TWI Industrial Member Report Summary 983/2011
By S D Smith
Engineering critical assessments (ECAs) are undertaken to provide confidence that structures are safe, even in the presence of possible flaws. These methods, exemplified by BS 7910, determine the criticality of flaws by comparing the loading on the crack (ie crack driving force) with that needed to make the crack grow and become unstable (fracture toughness).
It is important that the fracture toughness parameter is unambiguous and can be determined experimentally. These issues have largely been solved for ECAs in which the nominal stresses are below the material yield strength. Both J-integral and crack tip opening displacement (CTOD) have wide acceptance under these conditions. However, when nominal applied strains are above the material yield strain, current assessment procedures become inaccurate and potentially provide non-conservative estimates of crack driving force (J-integral and CTOD).
It is generally accepted that, when the applied strain is low, a finite element analysis (FEA) conducted of a component containing a crack under small-strain analysis conditions, where geometric non-linearities are ignored (ie the original component shape is maintained) is sufficient for ECAs. However, when geometric non-linearities are included in the model, as would occur at large applied strains (ie changes in shape are considered), the procedure for crack modelling is not straightforward. A trade-off of the computing efficiency, convergence and accuracy is usually needed.
These choices have become particularly important when assessing the integrity of circumferential flaws in high-performance pipelines subjected to plastic straining during installation or service. Compared with pipelines subjected to elastic loading, the tolerance to flaws will be lower and the likelihood of failure higher. With subsea pipelines, plastic straining can occur because of the installation method, such as reeling, or during service because of lateral buckling. With overland lines, plastic straining can occur during installation when the pipe is lowered into the trench and during service because of ground movement.

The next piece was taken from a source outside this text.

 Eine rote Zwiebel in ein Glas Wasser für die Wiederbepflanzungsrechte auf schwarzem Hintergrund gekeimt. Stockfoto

The primary concern when pipelines are under plastic straining is the integrity of the girth welds as these may contain imperfections arising from the pipeline welding procedure. The essentially stress-based procedures, as exemplified by BS 7910 (2005) which currently form the basis for most flaw assessment methods, are inadequate for high strain situations. Correction factors are often applied to ensure that results are realistically conservative. These corrections are based on FEA methods. Furthermore, until a strain-based assessment procedure has been fully developed for high strain high integrity applications of pipelines, currently the only viable approach is to carry out FEA. The choice of whether pipe shape changes (ie geometric non-linearities are considered) or original shape is retained (small strain analysis) in the FEA can have a significant effect on the evaluation of the crack driving force. In addition, the choice of the crack driving force parameter, J-integral or CTOD, to be used raises questions on their equivalence and which is more appropriate when assessing pipelines under high strain. A number of workers in the field have tended to characterise crack driving force in terms of CTOD rather than J-integral but the reasons for this are not clearly explained.
The present work was initiated from a 2009/2010 TWI Group Sponsored Project developing a procedure for the assessment of circumferential flaws at pipeline girth welds subjected to plastic straining with and without internal pressure. The present project is intended to provide guidance on crack modelling for ECAs of pipelines at large deformation level by comparing results from different modelling approaches.
Provide guidance on finite element (FE) modelling of circumferential cracks in steel pipelines at large applied strains.